[tialaramex]

Aren't you, in fact, the same Thomas Ptacek who has repeatedly claimed that DNSSEC is so irrelevant that events like this would go essentially unnoticed?

Edited to add, e.g. https://news.ycombinator.com/item?id=22400167

> DNSSEC is moribund and almost nobody uses it; in reality, the DNSSEC root private keys could land on Pastebin tomorrow and nothing would "break"

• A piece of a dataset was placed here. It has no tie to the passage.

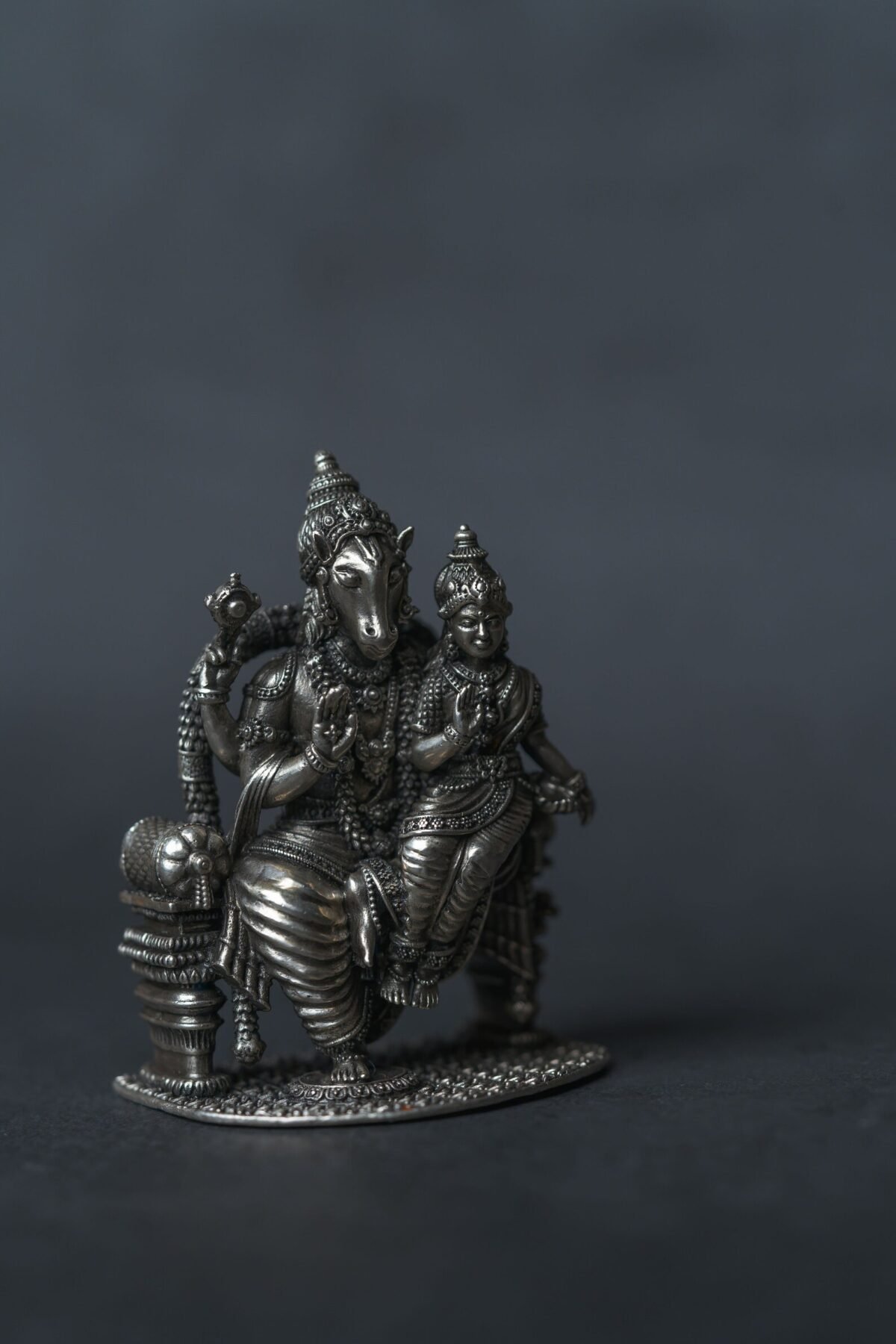 Silver Lakshmi Hayagriva 3 inches Idol Statue, Home Temple, Nice Gift Ideal for Good Luck, Hare Krishna, Spiritual things, Holy thing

We have this whole thread here about a "service disruption" for Slack, and nobody leaked the "root private keys" just one person made a dumb error and it blew up their site.

[tptacek]

No, I'm the Thomas Ptacek who has repeatedly claimed that the only impact DNSSEC is going to have on the Internet is causing outages like this. It's right there in the blog posts; in fact, it's even in the 2007 blog posts I wrote about this on the Matasano blog.

[ptomato]

> just one person made a dumb error and it blew up their site

yeah, the dumb error they made was "using DNSSEC"

[bluejekyll]

I'm not going to defend DNSSEC here, because this outage and others continue to support tptacek's perspective on its usefulness.

But, some governments are requiring DNSSEC, which regardless of its usefulness, puts companies that want those contracts in a bit of a bind.

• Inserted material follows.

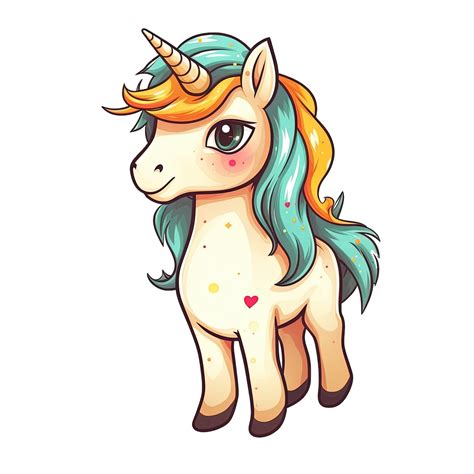 Cute Cartoon Unicorn Sticker 24488104 Png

Perhaps it would make sense to split domains such that DNSSEC guarded ones would not negatively impact ones that do not have DNSSEC.

[tptacek]

The USG DNSSEC requirements, which seem to be a part of what happened, are fragmented and incoherent. OMB withdrew DNSSEC requirements in 2018, and CLOUD.GOV doesn't support it. But some older requirements documents still have them, and need to be updated.

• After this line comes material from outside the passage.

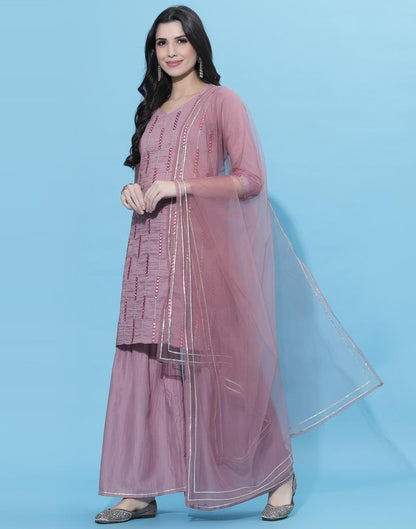 Light Purple Kurti With Sharara And Dupatta | Leemboodi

The important top-line thing to know here is that virtually all tech companies eschew DNSSEC (you can verify that for yourself with `host -t ds stripe.com`; substitute any other company for Stripe.

DNSSEC-quarantine TLDs are a good idea.

[acdha]

If anyone else is curious about the OMB cycle, here's a pretty good explanation with links to the source memos:

https://cloud.gov/docs/compliance/domain-standards/#dnssec

[terom]

The rationale in OMB memo M-18-23 for withdrawing the DNSSEC requirement in M-08-23 doesn't seem very convincing: we don't need this anymore because everyone should already have DNSSEC by now?

> M-08-23, Securing the Federal Government's Domain Name System Infrastructure (August 22, 2008)

> OMB is rescinding memorandum M-08-23, which provides additional guidance on the Domain Name System (DNS), specifically focusing on new security protections for the Federal DNS. The requirements in this memorandum are outdated; agencies already should have implemented these security protections.